An anonymous reader quotes a report from Ars Technica: You can now reply to an email just like it's an instant messaging chat, tacking on a "crying laughing" emoji to an email instead of replying. Google has a whole support article detailing the new feature, which allows you to "express yourself and quickly respond to emails with emojis." Like a messaging app, a row of emoji reaction counts will appear below your email now, and other people on the thread can tap to add to the reaction count. Currently, it's only on the Android Gmail app, but it's presumably coming to other Gmail clients.

Of course, email is from the 1970s and does not natively support emoji reactions. That makes this a Gmail-proprietary feature, which is a problem for federated emails that are expected to work with a million different clients and providers. If you send an emoji reaction and someone on the email chain is not using an official Gmail client, they will get a new, additional email containing your singular reactive emoji. Google is not messing with the email standard, so people not using Gmail will be the most affected.

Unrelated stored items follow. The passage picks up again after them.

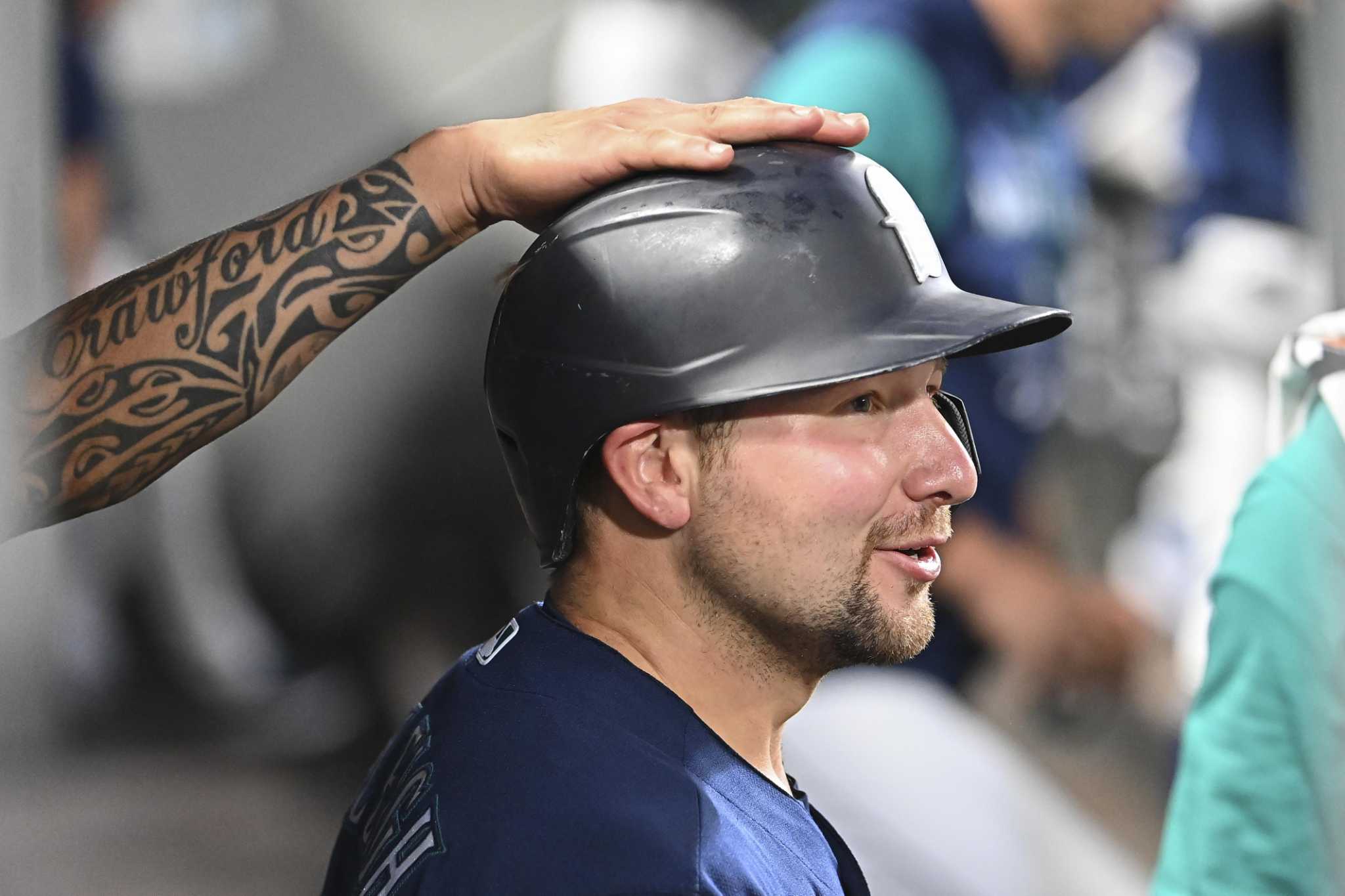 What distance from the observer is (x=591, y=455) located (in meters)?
1.71

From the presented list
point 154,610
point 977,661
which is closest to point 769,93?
point 977,661

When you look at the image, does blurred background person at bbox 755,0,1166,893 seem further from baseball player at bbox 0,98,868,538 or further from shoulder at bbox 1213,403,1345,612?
baseball player at bbox 0,98,868,538

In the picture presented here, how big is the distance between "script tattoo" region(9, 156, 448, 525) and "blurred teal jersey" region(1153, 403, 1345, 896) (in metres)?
1.23

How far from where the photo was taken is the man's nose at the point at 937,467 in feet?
5.41

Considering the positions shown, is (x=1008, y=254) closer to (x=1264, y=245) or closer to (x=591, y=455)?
(x=1264, y=245)

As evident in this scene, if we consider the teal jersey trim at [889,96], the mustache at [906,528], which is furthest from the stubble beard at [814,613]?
the teal jersey trim at [889,96]

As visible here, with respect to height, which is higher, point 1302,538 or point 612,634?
point 612,634

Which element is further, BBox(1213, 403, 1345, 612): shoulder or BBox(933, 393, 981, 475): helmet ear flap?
BBox(1213, 403, 1345, 612): shoulder

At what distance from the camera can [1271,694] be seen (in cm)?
213

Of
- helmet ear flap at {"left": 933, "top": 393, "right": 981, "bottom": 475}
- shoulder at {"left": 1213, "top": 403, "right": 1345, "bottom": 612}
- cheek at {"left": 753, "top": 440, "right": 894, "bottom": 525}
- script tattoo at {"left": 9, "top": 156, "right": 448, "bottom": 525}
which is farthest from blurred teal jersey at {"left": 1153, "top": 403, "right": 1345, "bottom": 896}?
script tattoo at {"left": 9, "top": 156, "right": 448, "bottom": 525}

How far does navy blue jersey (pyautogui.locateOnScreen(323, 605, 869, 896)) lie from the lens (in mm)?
1340

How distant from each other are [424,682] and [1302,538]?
7.84 ft

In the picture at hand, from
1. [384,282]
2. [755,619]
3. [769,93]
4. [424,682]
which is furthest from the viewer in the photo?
[424,682]

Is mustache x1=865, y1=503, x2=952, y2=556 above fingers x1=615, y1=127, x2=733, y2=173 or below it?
A: below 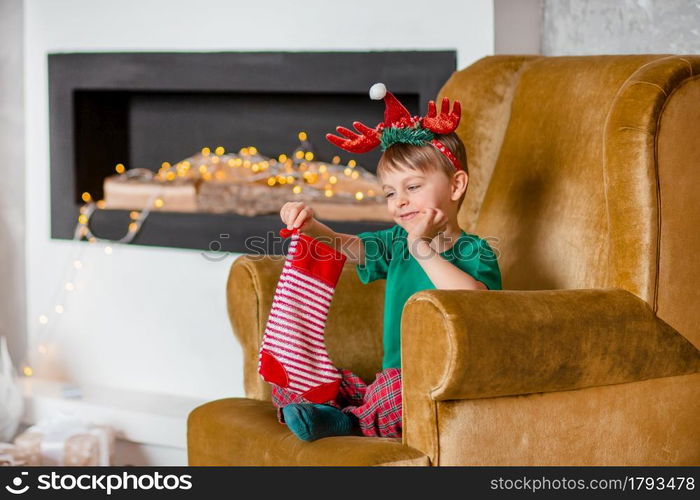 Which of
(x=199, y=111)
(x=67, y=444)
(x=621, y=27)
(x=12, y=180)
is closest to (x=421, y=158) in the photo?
(x=621, y=27)

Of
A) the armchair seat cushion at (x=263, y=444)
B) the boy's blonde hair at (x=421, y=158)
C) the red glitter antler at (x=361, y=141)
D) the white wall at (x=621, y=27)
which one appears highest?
the white wall at (x=621, y=27)

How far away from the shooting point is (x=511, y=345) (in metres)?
1.64

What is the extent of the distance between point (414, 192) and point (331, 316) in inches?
14.9

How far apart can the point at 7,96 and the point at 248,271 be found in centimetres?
174

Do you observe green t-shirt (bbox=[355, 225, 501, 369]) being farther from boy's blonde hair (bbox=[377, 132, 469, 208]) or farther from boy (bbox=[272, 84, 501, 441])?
boy's blonde hair (bbox=[377, 132, 469, 208])

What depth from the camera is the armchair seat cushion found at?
165 cm

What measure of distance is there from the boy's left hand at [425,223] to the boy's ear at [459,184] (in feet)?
0.23

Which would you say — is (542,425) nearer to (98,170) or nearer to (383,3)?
(383,3)

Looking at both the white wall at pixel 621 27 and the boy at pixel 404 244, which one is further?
the white wall at pixel 621 27

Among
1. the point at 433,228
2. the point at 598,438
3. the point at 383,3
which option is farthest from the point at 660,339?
the point at 383,3

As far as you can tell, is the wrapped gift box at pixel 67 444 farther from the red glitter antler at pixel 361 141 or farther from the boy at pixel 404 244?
the red glitter antler at pixel 361 141

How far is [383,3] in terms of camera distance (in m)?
2.79

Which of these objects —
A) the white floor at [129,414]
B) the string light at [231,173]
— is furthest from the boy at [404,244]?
the white floor at [129,414]

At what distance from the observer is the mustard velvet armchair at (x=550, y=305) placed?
164 cm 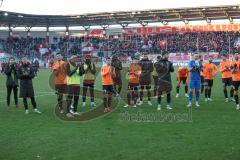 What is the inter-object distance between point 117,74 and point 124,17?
51.3 m

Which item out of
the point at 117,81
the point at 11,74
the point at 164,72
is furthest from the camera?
the point at 117,81

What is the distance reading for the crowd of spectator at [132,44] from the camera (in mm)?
56362

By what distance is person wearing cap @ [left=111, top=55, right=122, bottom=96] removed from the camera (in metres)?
17.0

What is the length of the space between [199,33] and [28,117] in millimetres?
49682

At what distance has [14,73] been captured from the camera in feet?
54.0

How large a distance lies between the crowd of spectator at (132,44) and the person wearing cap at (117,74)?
3732 centimetres

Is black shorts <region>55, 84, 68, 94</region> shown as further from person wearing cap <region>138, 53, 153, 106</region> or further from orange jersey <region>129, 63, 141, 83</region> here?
person wearing cap <region>138, 53, 153, 106</region>

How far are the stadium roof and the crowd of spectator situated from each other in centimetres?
303

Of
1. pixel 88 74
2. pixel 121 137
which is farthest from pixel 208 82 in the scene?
pixel 121 137

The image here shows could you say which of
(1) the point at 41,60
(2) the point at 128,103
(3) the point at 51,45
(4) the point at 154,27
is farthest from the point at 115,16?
(2) the point at 128,103

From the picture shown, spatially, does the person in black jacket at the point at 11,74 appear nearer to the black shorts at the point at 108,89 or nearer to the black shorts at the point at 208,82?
the black shorts at the point at 108,89

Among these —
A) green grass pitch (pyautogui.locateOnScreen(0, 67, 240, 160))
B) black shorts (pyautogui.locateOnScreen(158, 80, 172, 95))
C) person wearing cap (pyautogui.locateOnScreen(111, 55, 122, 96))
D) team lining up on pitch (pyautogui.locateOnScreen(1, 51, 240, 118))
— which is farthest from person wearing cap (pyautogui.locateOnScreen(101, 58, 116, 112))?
black shorts (pyautogui.locateOnScreen(158, 80, 172, 95))

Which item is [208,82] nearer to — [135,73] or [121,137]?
[135,73]

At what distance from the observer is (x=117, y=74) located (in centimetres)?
1745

Another weird quirk is that because emoji reactions are just emails (that Gmail sends to other clients and hides for itself), any emoji reactions you send can't be taken back. There's only Gmail's "Undo send" feature for taking back reactions, which delays sending emails for about 30 seconds, so you can second-guess yourself. After that, you're creating a permanent emoji reaction paper trail. [...] If the idea of emoji reactions to email has you selecting the puke emoji, as far as we can tell, there's no way to just turn this off.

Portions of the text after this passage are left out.